Hanté depuis son enfance par un double drame, Marcello cherche à oublier son sentiment de culpabilité en s’efforçant, en permanence, de rentrer dans le rang. Marié, sans conviction, à une jeune bourgeoise naïve et fasciste par conformisme, il est envoyé, par les services secrets de Mussolini, en mission en France pour approcher et supprimer son ancien professeur de philosophie en exil.
Ce qui frappe l’œil dès la première vision du Conformiste, c’est la beauté confondante de chacun de ses plans et le magnifique travaille sur la lumière du célèbre directeur de la photographie : Vittorio Storaro (Malicia, Apocalypse Now, Coup de cœur…) qui réussit à apporter une coloration personnelle à chacun des décors du film : de Rome à Paris, en passant par une inquiétante forêt.
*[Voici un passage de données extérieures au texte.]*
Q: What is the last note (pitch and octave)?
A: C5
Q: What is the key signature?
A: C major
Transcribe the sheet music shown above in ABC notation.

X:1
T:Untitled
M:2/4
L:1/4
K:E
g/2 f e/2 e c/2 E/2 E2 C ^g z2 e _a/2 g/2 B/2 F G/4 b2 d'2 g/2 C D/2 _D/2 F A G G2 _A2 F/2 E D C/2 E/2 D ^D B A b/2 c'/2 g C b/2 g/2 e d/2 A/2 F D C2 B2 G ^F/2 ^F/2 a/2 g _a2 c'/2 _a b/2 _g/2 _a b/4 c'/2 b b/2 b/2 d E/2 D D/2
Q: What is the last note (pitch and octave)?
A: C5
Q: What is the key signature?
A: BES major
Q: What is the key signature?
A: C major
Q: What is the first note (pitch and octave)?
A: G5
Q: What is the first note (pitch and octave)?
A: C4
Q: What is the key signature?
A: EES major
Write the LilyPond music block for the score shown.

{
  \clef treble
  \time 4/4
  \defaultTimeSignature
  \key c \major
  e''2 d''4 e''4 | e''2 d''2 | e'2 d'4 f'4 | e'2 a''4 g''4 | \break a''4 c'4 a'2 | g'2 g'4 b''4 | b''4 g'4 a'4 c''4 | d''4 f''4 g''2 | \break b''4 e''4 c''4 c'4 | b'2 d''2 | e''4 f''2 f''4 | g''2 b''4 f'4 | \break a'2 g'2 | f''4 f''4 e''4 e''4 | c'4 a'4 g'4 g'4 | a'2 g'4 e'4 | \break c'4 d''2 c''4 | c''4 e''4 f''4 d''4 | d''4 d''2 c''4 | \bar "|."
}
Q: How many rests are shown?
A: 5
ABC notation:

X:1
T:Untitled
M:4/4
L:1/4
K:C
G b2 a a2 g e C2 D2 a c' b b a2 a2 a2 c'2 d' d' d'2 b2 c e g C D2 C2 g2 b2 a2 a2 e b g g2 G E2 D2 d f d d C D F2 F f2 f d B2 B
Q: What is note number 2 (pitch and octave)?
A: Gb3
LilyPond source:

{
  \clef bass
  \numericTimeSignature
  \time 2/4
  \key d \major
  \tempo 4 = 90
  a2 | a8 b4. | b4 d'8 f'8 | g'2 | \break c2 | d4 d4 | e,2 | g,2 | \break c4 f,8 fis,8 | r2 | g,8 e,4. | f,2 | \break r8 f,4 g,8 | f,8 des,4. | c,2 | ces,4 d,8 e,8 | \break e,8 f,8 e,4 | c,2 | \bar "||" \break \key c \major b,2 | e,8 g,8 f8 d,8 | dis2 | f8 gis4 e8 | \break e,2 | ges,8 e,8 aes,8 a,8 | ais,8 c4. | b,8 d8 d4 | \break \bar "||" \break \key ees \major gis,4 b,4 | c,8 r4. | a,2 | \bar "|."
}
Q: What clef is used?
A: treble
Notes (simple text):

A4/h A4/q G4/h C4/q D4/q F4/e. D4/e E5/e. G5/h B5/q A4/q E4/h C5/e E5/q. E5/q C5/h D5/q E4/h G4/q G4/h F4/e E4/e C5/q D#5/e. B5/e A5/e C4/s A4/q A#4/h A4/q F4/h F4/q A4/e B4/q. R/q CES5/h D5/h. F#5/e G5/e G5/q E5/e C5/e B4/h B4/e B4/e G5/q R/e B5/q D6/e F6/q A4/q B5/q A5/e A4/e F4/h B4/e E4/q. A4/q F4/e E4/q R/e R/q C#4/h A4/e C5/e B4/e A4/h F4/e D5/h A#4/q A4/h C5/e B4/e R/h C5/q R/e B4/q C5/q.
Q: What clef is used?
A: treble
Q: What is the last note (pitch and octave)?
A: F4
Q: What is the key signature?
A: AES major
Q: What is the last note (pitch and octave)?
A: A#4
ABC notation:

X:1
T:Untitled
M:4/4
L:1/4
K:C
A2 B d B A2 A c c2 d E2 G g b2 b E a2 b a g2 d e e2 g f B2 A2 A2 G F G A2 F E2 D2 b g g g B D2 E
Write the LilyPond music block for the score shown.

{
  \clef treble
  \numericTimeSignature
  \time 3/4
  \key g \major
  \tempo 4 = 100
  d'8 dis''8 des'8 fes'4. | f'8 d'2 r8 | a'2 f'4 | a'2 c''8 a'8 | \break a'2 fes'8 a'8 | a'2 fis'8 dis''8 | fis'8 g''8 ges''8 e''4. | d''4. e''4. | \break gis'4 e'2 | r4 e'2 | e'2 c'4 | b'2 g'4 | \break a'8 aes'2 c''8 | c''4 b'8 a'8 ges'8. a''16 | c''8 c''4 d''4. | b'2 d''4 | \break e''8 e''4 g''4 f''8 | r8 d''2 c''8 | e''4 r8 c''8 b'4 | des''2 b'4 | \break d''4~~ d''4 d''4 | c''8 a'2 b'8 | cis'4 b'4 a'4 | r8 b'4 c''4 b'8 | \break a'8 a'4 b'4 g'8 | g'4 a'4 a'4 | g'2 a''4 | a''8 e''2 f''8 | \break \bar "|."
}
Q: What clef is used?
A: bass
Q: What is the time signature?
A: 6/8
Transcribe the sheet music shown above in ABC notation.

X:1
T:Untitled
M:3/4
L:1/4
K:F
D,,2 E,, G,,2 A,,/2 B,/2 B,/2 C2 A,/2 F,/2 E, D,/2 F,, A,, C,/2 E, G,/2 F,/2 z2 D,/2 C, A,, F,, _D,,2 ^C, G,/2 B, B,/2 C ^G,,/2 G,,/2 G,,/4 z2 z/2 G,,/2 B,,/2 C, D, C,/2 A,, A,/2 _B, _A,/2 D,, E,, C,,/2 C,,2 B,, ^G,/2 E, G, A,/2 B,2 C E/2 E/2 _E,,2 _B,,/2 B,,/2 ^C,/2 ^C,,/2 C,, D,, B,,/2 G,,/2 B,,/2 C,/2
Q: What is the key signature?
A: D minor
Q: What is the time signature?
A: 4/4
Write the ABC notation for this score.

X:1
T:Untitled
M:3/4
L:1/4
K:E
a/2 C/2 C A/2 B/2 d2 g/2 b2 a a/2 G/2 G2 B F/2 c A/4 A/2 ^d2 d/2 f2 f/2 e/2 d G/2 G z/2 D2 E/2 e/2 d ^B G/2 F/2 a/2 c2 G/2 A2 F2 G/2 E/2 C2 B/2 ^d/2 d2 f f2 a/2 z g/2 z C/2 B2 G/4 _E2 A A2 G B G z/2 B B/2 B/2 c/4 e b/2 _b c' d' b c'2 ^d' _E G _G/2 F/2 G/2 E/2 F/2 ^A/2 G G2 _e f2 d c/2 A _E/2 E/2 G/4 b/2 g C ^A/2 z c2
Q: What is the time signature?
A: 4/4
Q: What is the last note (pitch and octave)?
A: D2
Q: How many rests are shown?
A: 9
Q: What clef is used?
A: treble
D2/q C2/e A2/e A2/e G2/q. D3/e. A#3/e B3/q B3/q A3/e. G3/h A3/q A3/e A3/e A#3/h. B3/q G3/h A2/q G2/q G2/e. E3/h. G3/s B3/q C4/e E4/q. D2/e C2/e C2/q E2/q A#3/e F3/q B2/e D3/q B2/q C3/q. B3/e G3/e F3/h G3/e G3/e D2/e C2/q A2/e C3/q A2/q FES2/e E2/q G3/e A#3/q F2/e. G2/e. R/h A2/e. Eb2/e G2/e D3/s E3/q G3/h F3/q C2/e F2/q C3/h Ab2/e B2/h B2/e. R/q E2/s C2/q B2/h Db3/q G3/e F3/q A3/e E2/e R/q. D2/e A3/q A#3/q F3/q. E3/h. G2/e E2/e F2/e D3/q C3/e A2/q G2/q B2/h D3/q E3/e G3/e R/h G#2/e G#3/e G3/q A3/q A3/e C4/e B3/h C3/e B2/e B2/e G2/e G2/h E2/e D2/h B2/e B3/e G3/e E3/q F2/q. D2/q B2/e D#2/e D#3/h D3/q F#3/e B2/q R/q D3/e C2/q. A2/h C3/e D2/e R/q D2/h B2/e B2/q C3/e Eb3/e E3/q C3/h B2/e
Adaptation d’un roman d’Alberto Moravia, le film tend à démontrer la collusion entre bourgeoisie et fascisme ainsi que l’adhésion à ses thèses de tout un chacun, non par idéologie mais pour se conformer à ce que la société attend d’eux. Bernardo Bertolucci compose pour l’occasion un film glaçant que rehaussent les impressionnants décors déserts où déambule, de sa démarche rigide, Marcello. En fasciste, aussi opportuniste que lâche, Jean-Louis Trintignant offre une troublante composition, aussi bouffonne qu’inquiétante, et parvient à rendre palpable, avec une belle économie de mots, les doutes et les contradictions de son personnage. Celles d’un pauvre type mal dans sa peau, engoncé dans son imper et le visage dissimulé sous son chapeau.
Malheureusement, en multipliant les digressions, le scénario donne aussi la désagréable sensation d’être décousu (il fut bouclé en un mois par Bernardo Bertolucci, ceci explique peut-être cela) et de se perdre en route dans des situations pas toujours très compréhensibles.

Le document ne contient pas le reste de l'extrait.